Tammi Sauer, a former teacher and library media specialist, is a full-time children's book author who presents at schools and conferences across the country. She has more than 30 published picture books and has many others on the way. Her books have received awards, earned starred reviews, made lists, been made into musicals, and been translated into many different languages. Most importantly, kids really like her books! To learn more about Tammi and her books, please visit tammisauer.com and follow her on Twitter at @SauerTammi.

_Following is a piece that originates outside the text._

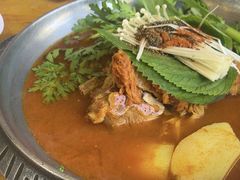 -喇喇排骨火锅·传统韩式脊骨汤(望京西园总店)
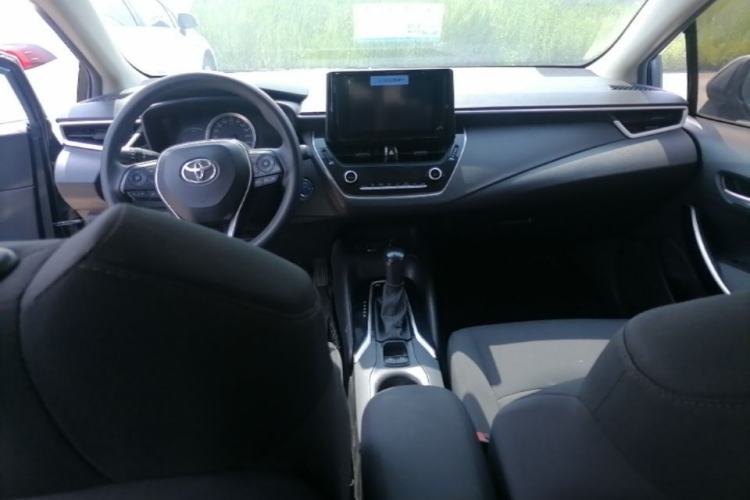 Used Toyota Corolla 2021 Dual-Engine 1.8L E-CVT Pioneer Edition Center Console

  1. My all-time favorite endpapers are probably in Office Buckle and Gloria. Peggy Rathmann used them for Gloria’s hilarious “safety tips.” I also love how David Small uses endpapers to extend the story in both directions in all of his books. Great post!

  2. One of my recent favorites is LOCOMOTIVE by Brian Floca. While the story, itself, is about a trip on the Transcontinental Railroad, the endpapers are devoted to the history of the construction of the Transcontinental Railroad and steam power used by the trains – all surrounded by Brian Floca’s beautiful illustrations.

  3. I adore endpapers – great post!

  4. Love this post. I see Liz mentioned my favorite endpapers. LOCOMOTIVE is such a lyrical story. The endpapers just add to it.

  5. I agree with Linda Ashman–OFFICER BUCKLE AND GLORIA.

  6. I absolutely love endpapers too, and author/illustrator notes.

    Some of my recent endpaper favorites are:

    *The Right Word–Melissa Sweet outdid herself!
    *Aviary Wonders by Kate Samfworth-fantastic & thought-provoking
    *A Fine Dessert–loved Sophie Blackall’s blackberry juice stained pages and recipe as well as both the author & illustrator notes

    I’ll have to re-visit Office Buckle & Gloria.

  7. And Locomotive and Moonshot are both amazing!

  8. Yes! Endpapers are important! The ones in “Where the Wild Things Are’ are among my favorite.

  9. I love the endpapers in Mr. Tiger Goes Wild by Peter Brown, and Buddy and the Bunnies in: Don’t Play with Your Food! by Bob Shea.

  10. I have an endpaper fetish, I think! I always notice them and am delighted when they add something to the story. I was really hoping my book would have illustrated endpapers…and sure enough it does. And I LOVE them! They might be my current favorite endpapers. Is that conceited 🙂

  11. “Z is for Moose” by Kelly Bingham has adorable endpapers that introduce what is coming and give a sense that the characters hate to end the book!

  12. I enjoy looking at end papers, too. They are a great way to set the atmosphere for the book. Thanks for sharing, Tammi!

  13. I love end papers, especially ones that “start” the story.

  14. I LUV wacky endpapers! I think it’s just another way we can interact with the child we’re reading to.

  15. I love endpapers, too. I like the ones mentioned here but maps are my favorites. I’m working on a story that began with an idea for endpapers.

  16. I love endpapers, and still stroke the gorgeous ones in really old books, the ones that looked like marble paper, all before printing in color became much easier.

  17. Those endpapers you feature here are so delightful. They are part of the book, so might as well use them to extend the story a bit. Like you said, curtains. 🙂

  18. I’m a fan of endpapers too. The rabbit problem by Emily Gravett is a wonderfully funny story with adorable endpapers – the one at the back being a pop-up showing exactly what is meant by a rabbit problem.

  19. Another fan of endpapers here. Part of my library job is to put book barcode stickers on the first page of every book I catalog. On certain books I spend much time making sure the label doesn’t take away from endpaper illustrations–not always easy! (And sometimes I have to resort to page 3.)

  20. I will undoubtedly pay much more attention to endpapers now — happily!